§ To do
From start to end, write out the following data exactly, apart from its images.

Entries shown below:

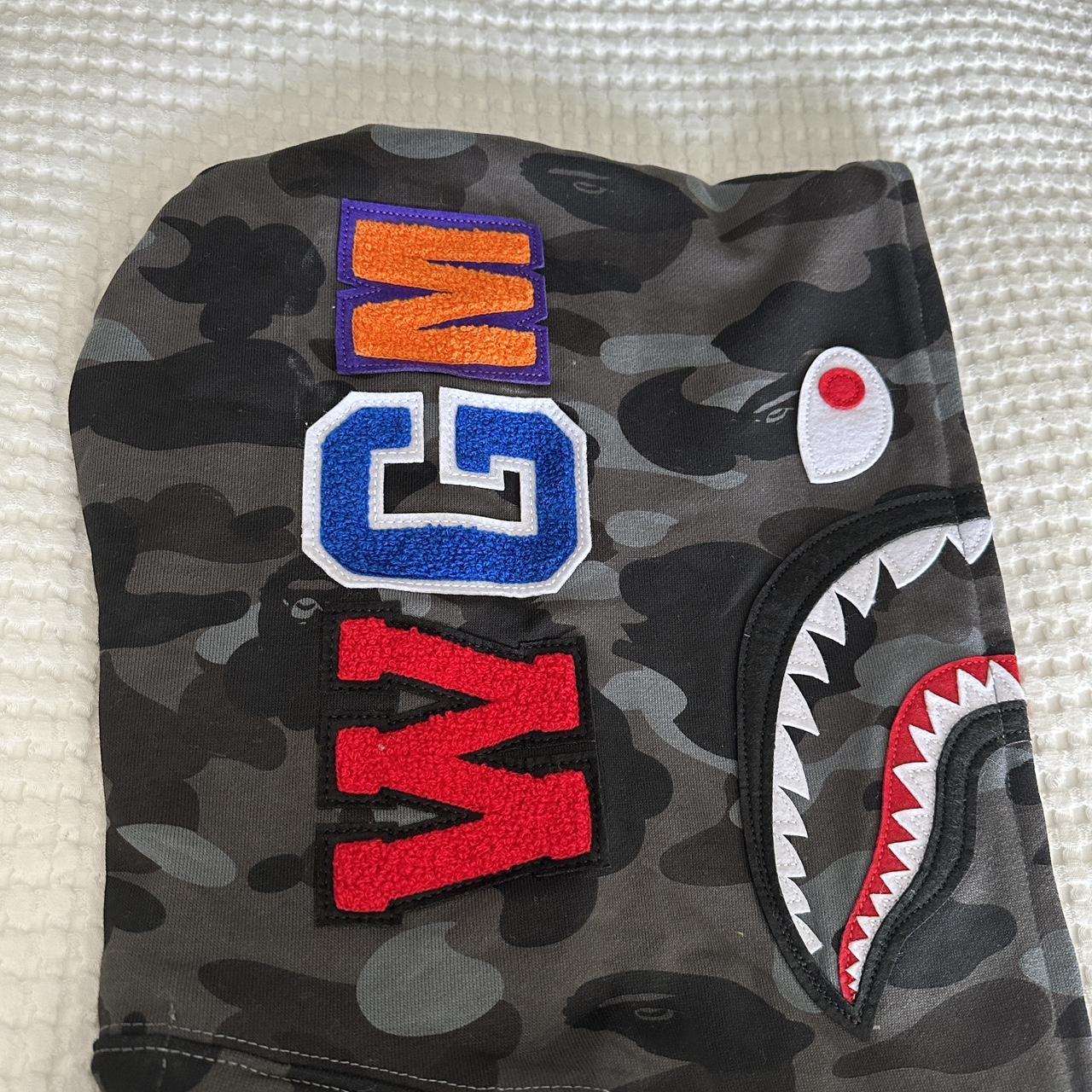 Bape Shark Camo Full Zip Hoodie Armpit to armpit ... - Depop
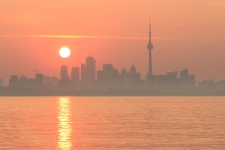 Downtown Toronto skyline sunrise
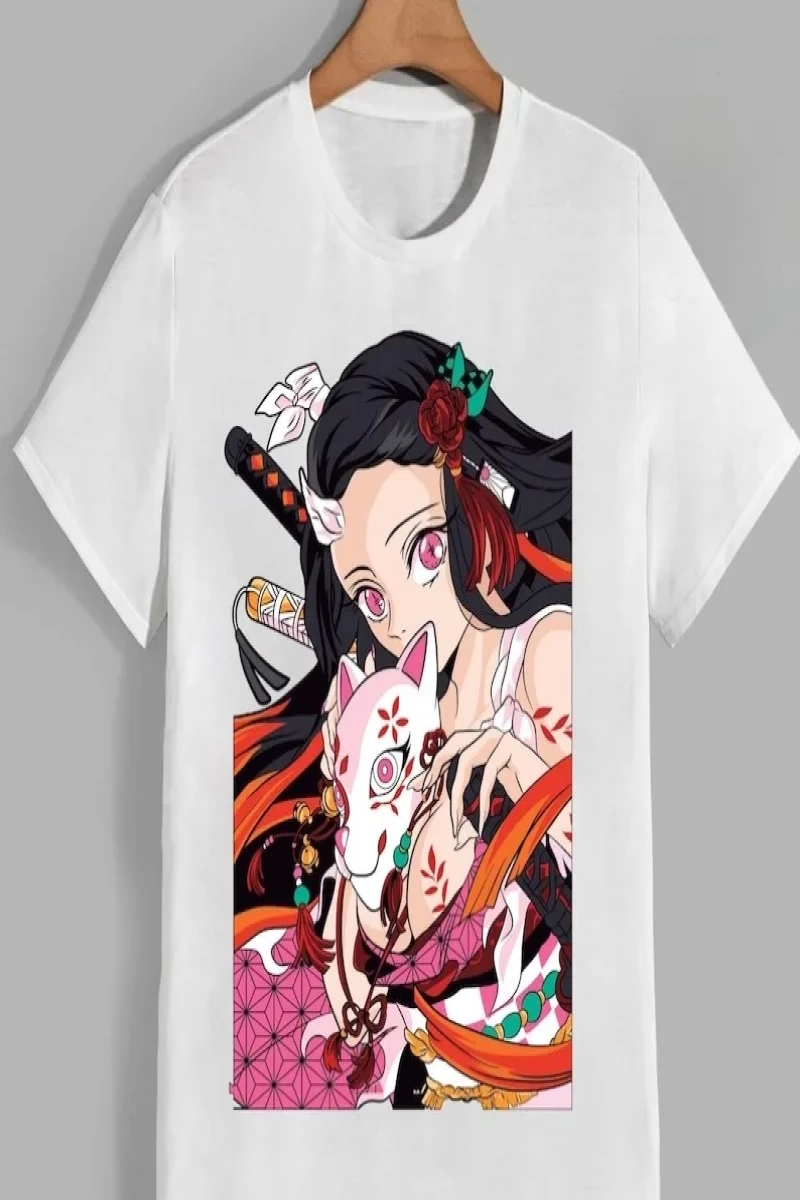 Anime Desenli Unisex Bay Bayan Tişört Kamado Nezuko ‌ Iblis avcısı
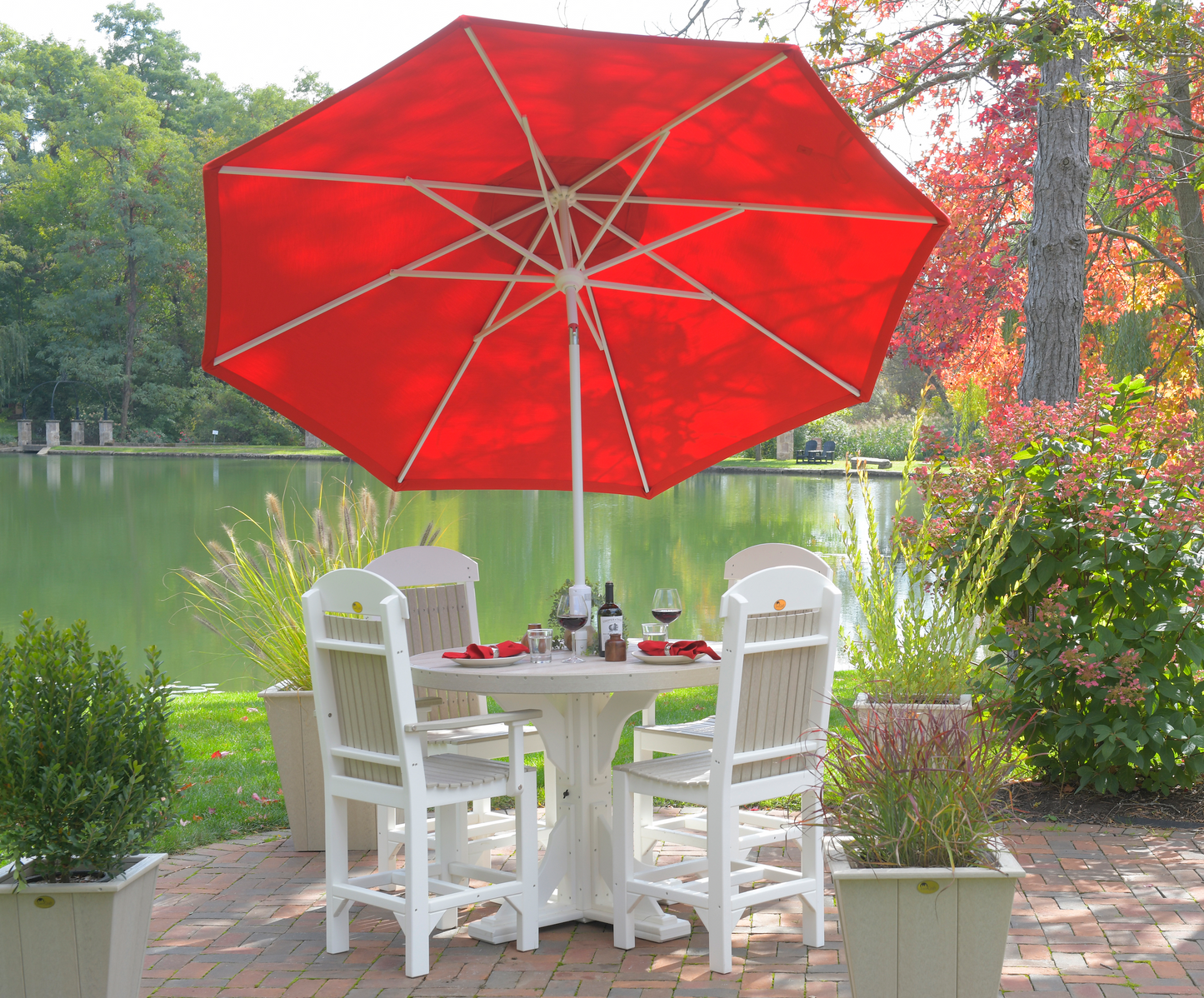 LuxCraft Aluminum Crank Lift Push Button Tilt 9' Market Umbrella - LEAD TIME TO SHIP 7 BUSINESS DAYS OR LESS
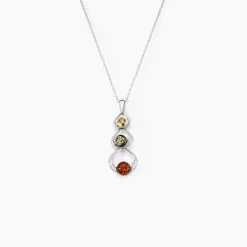 Collier Agneta Argent Blanc Ambre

End of Entries shown.

§ Solution for this task
 Bape Shark Camo Full Zip Hoodie Armpit to armpit ... - Depop
 Downtown Toronto skyline sunrise
 Anime Desenli Unisex Bay Bayan Tişört Kamado Nezuko ‌ Iblis avcısı
 LuxCraft Aluminum Crank Lift Push Button Tilt 9' Market Umbrella - LEAD TIME TO SHIP 7 BUSINESS DAYS OR LESS
 Collier Agneta Argent Blanc Ambre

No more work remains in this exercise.